As an action movie, Robocop leaves something to be desired. The hero is invincible, and for most of the film after his transformation into the titular police-prototype he simply guns down adversaries while their bullets bounce off his armor harmlessly. The fight cinematography is clear and coherent, but without tension, it would get pretty stale on its own. Fortunately, the last act introduces a new and more powerful enemy for Robocop to square off against in Ed-209 and gives Clarence Boddicker and his gang, weapons that can actually damage Robocop. Here, the film’s action sequences develop real tension, and as a consequence rise fitfully to the level of genuinely thrilling. Yet, even when the action sequences are lackluster, it doesn’t do all that much to weigh the film down, there’s simply too much else going on in the world of the film.

The universe that Robocop takes place in is a wonderfully strange place that is violent, funny, and perplexing in turn. TVs are constantly tuned to a degenerate sit-com where a perverted old man says, with regards to various comely younger women, “I’d buy that for a dollar!” Whenever anyone tunes into this show, regardless of whether they are a regular Joe or a hardened criminal, they burst out in uncontrollable guffaws. It’s a world where weapons tests are conducted in front of a full board of directors, and where if one of them dies in the process it is regarded as a minor embarrassment akin to forgetting to zip up after using the restaurant. It’s a world where the police force has co-ed shower rooms (judging from Starship Troopers (1997) this may be Verhoeven’s personal fetish). In short, this is a world that is a fun-house reflection of the one we live in, that exaggerates our foibles so as to better mock us for having them. It’s a comedy and a social satire, and at times it is incredibly successful. The humor is frequently grotesque, and so over the top that it must be seen to be believed. Taken all together it becomes gleefully absurd, resembling nothing so much as an extremely violent cartoon.

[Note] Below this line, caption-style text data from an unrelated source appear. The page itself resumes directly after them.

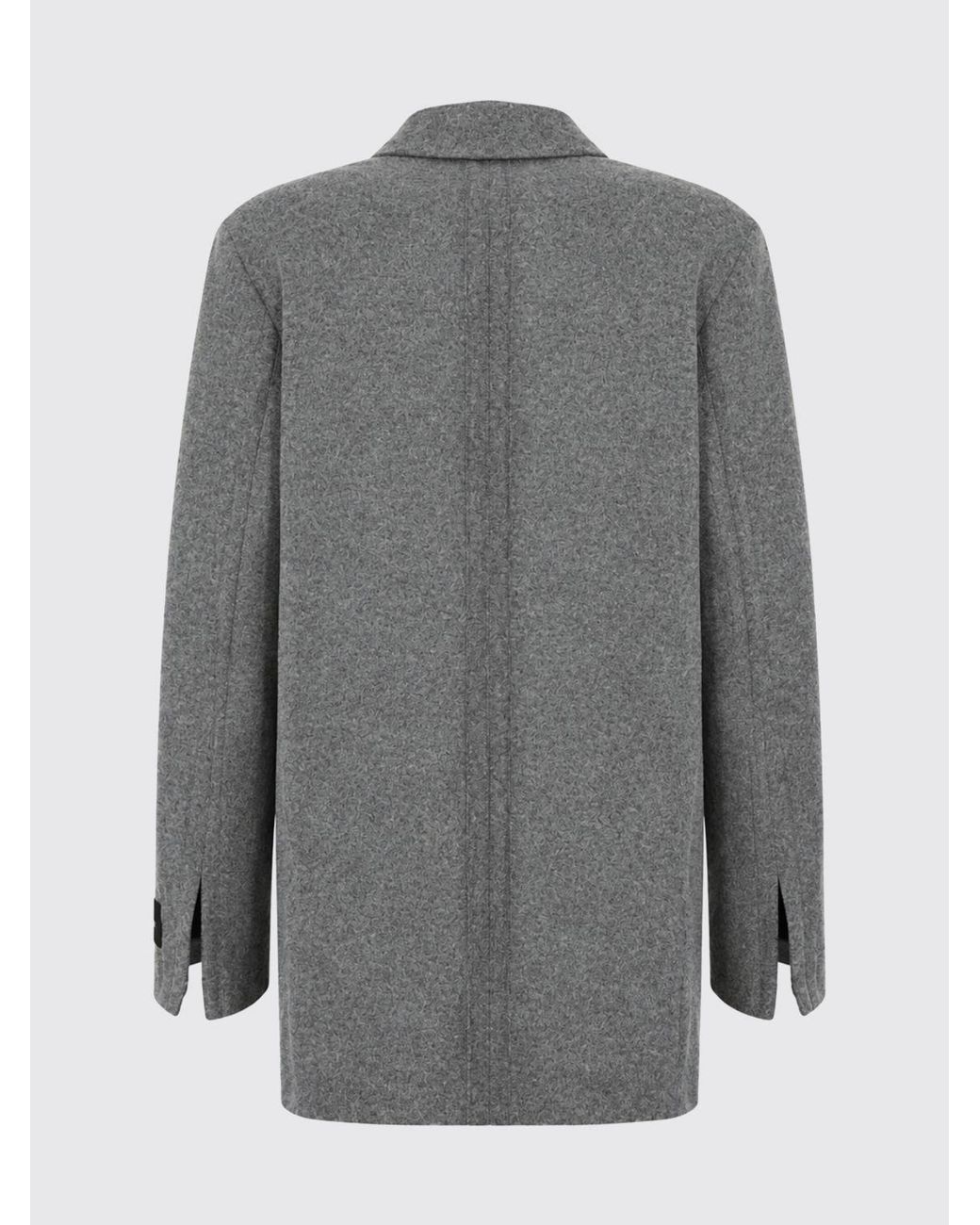Pinko Gray Double-Breasted Wool Blend Blazer With Classic Lapels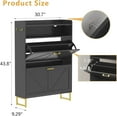 thumbnail image 2 of Shoe Cabinet with 2 Flip Drawers, Freestanding Hidden Shoe Storage Organizer for Entryway, Narrow Slim Shoe Rack Cabinet with Open Storage & Hooks for Front Door Entrance, Living Room, Hallway, Black, 2 of 7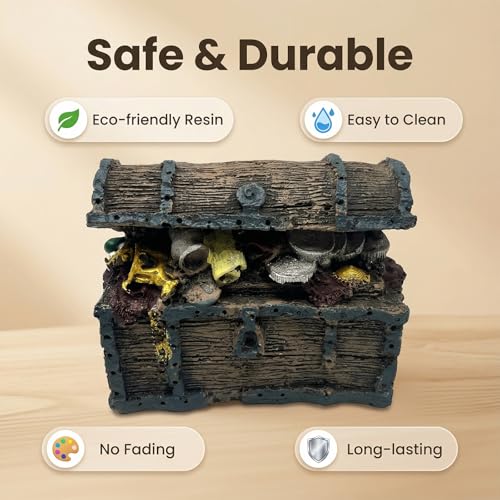 Mipukbay Treasure Chest Fish Tank Decorations, Funny Aquarium Decor Ornament for Small Aquarium and Fish Tank, Safe Landscape Rock Cave for Betta Fish, Goldfish and Aquatic Pets - size: Treasure Chest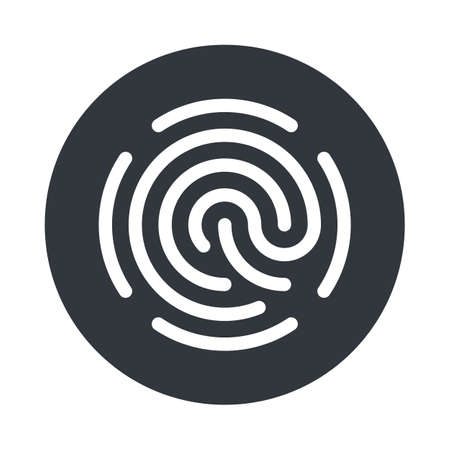 Simple fingerprint icon on white background. Easy editable vector illustrationのイラスト素材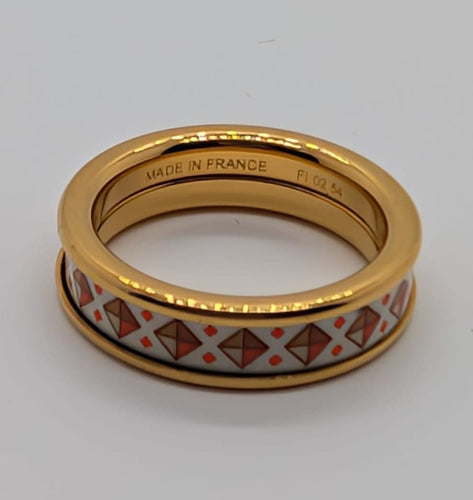 55 Hermès - Bague Colliers de Chien en plaqué or et émail 58 Facettes 1317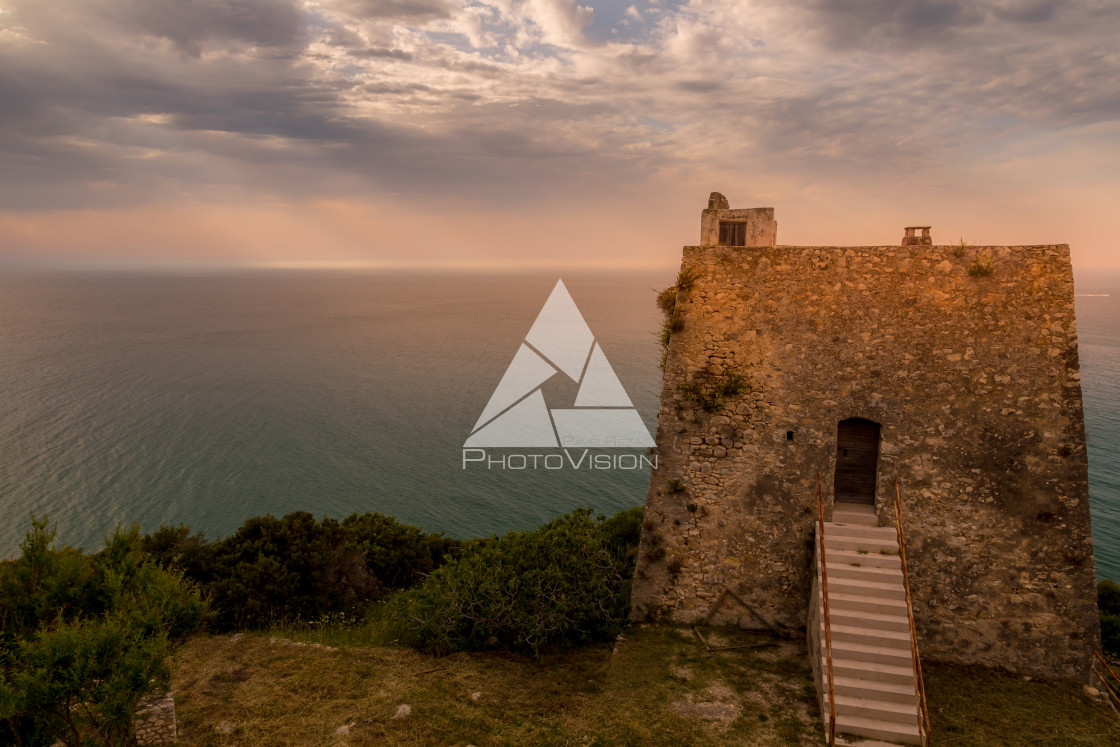 "Defense tower on the coast" stock image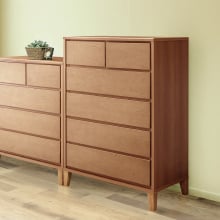 高品質が嬉しい 国産チェスト 5段・幅80 脚タイプ (ナチュラル)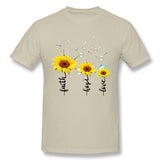 Mens Novelty T-Shirt Faith Hope Love For Light Style Crew Neck Short Sleeves Shirt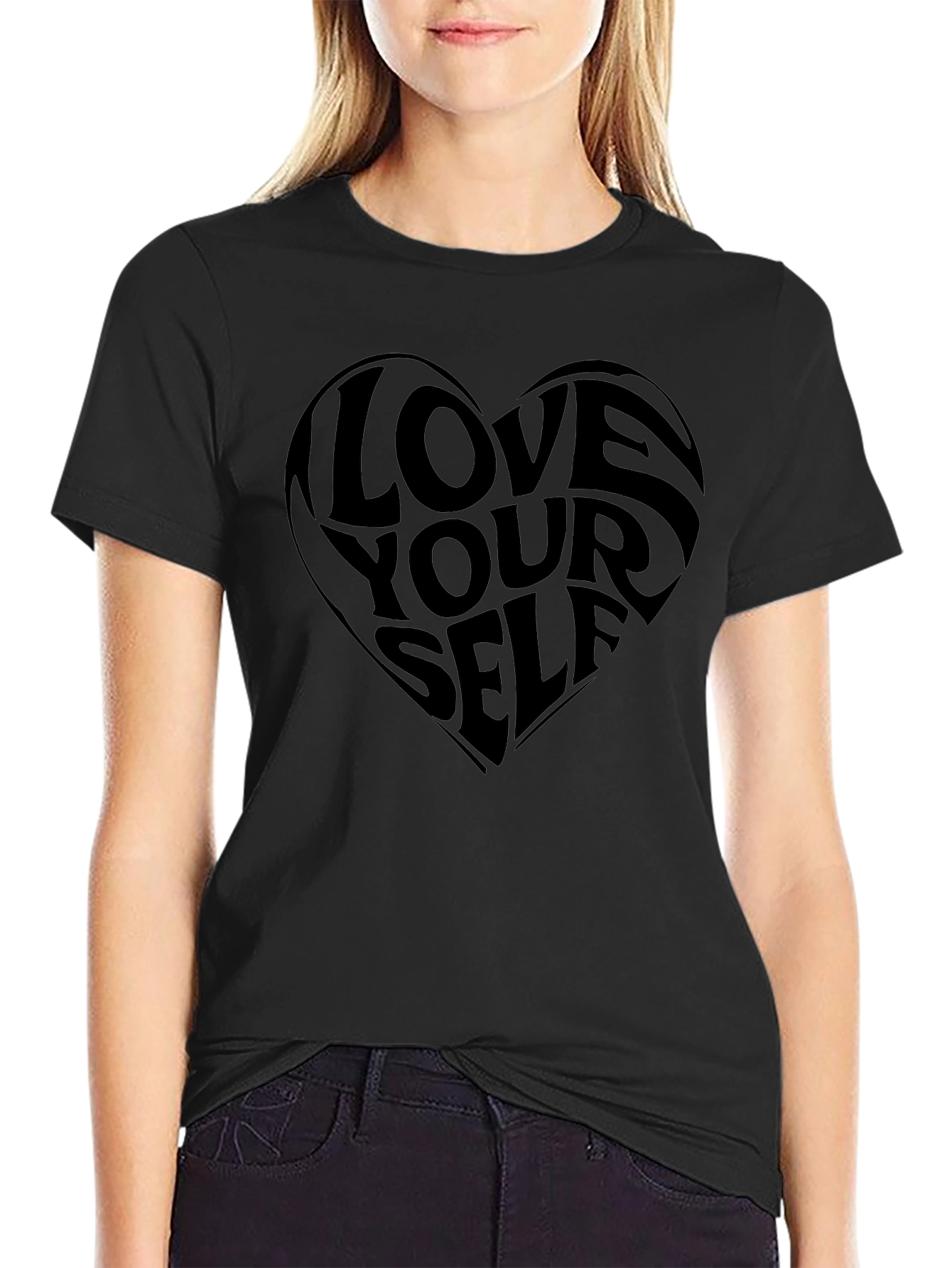 Love Yourself Heart Graphic T-Shirt - Black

Finally, there are the film’s aspirations to tell an authentically Christian story about a man who dies and is reborn a savior. To Verhoeven’s credit, he keeps the overtly Christian symbolism extremely subtle. In one scene, Robocop walks on water, but the water is so shallow (little more than a puddle), that you could be forgiven for not noticing it. In another scene, Boddicker drives a sharp rebar into Robocop’s side, an image that recalls the Lance of Longinus. Murphy’s death sequence includes a close-up shot of his hand being maimed with a shotgun blast, an image that could represent the stigmata but could also just be an excuse for copious gore. The religious imagery is so brief and inconsequential that I’d be tempted to wave it all away if the director himself was not on record saying: “The point of Robocop, of course, is it is a Christ story. It is about a guy that gets crucified after 50 minutes, then is resurrected in the next 50 minutes and then is like the super-cop of the world, but is also a Jesus figure as he walks over water at the end.” It’s an odd reading of Christianity, as here Christ does not return to forgive the sinners, but instead to lay a righteous smackdown on the asses of those sinners. Imagine the gospels if the risen Christ had challenged Judas to a fist-fight after emerging from the tomb on Easter Sunday. Honestly, I think the morality of the film is closer to the ancient pagans than their Christian successors. Robocop pursues vengeance from beyond the grave; he has more in common with the Eumenides than with Christ. But there is a seed of something interesting when talking about the Christian Robocop. When he returns after death he is initially inhuman and flawless, perfectly executing his directives without error or hesitation. Yet, the human element gets in the way, he starts to remember what it is like to be human. If you buy the notion that God willingly turned Himself into a man, then He must have gone through the same thing and must have felt the same confused lost feeling of not being quite human. It’s an interesting concept but it floats so far to the periphery of the film that it barely warrants consideration. Much more important is the fact that Robocop is a funny, violent, and occasionally thrilling film.